Pensions: the counter-revolution

We are beginning to wonder rather about pensions freedom. When Chancellor George Osborne first introduced the idea that the obligation for UK pension savers to buy annuities with their money was to go in its entirety, we were impressed. We knew he had been pushed into it by the super-low interest rates that were slamming annuity rates – pensions freedom was just another consequence of the crisis.

Were also concerned that retirees would have trouble managing their own money throughout retirement: not everyone wants that sort of responsibility. Still, we love the idea of everyone making their own decisions about their money, and we figured the financial industry would find ways to offer savers a degree of security and flexibility.

But here’s the problem: pensions freedom isn’t much good if a) you are prevented from saving a meaningful amount and b) endless government and central bank policy mistakes mean you are misled as to the long-term value of your investments. To see what I mean on the second point, just look at markets: some of the distorting effects of the series of great global credit bubbles are finally coming back to bite stockmarkets.

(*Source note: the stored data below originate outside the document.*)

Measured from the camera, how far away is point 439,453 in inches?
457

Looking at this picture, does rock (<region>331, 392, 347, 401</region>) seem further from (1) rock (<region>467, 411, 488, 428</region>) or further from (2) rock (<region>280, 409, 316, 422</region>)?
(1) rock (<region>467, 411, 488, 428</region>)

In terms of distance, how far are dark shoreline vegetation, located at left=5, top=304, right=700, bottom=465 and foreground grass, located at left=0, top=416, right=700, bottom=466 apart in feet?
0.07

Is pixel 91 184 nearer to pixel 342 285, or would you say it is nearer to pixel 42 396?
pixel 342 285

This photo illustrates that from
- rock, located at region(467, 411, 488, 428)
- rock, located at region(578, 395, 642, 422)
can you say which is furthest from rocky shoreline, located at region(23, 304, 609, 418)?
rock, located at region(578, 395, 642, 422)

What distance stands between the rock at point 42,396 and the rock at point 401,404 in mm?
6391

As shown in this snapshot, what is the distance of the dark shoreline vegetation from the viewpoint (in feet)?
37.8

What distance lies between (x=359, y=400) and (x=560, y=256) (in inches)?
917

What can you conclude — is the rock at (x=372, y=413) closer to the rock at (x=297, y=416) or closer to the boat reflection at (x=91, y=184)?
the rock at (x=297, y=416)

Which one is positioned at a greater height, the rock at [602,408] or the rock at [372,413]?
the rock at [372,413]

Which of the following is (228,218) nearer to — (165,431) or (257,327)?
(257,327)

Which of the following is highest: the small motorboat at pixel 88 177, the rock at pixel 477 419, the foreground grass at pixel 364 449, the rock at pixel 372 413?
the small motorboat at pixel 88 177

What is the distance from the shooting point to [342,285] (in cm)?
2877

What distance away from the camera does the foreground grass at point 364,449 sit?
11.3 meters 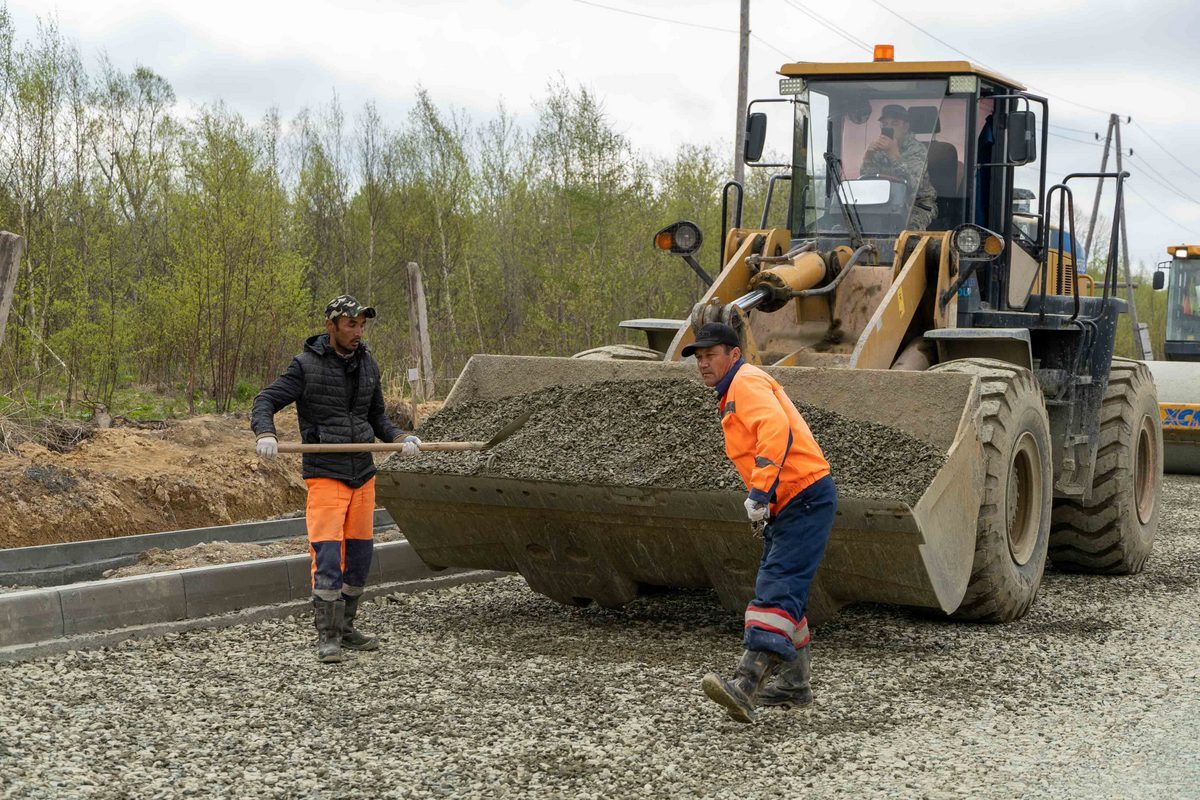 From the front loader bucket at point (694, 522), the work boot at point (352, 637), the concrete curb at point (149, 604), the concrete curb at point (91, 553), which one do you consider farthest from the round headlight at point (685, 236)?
the concrete curb at point (91, 553)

I very much doubt that the first generation of retirees entering drawdown had taken into account the possibility that they could lose 10% of the value of their equity investments in two weeks.  The Lifetime Allowance and the changes to the annual allowance both mean it has become increasingly hard for the well paid (and even the averagely paid) to build up good pension pots over a full working life.

The changes we expect in the next budget will make things even worse: if you are a 40% or 45% taxpayer now and expect to be in retirement, why would you save if you are offered not full tax relief, but only a flat rate back of 30p in the pound? It makes no sense. Pensions are set to become the preserve of lower-rate taxpayers alone.

Spare a thought for the nation’s fund managers. They live on “ad valorems”: so the more money they have under management, the more they make. Collapsing stockmarkets cut their take. But collapsing subsidies do too. And what is pension tax relief but a vast subsidy to the fund management industry?

The Centre for Policy Studies says around 50% of the £35bn of annual tax relief goes to those on more than £50,000-plus. Say £25bn of this ends up with fund managers one way or another. Then let’s say higher-rate taxpayers save less as a result of all the change. Half perhaps. That means £12bn-£13bn less flowing from HMRC into fund manager accounts every year (to be charged at, say, 0.7%) than is the case today. There are, I think, an awful lot of people beginning to wish that Osborne had never started down the path of reform.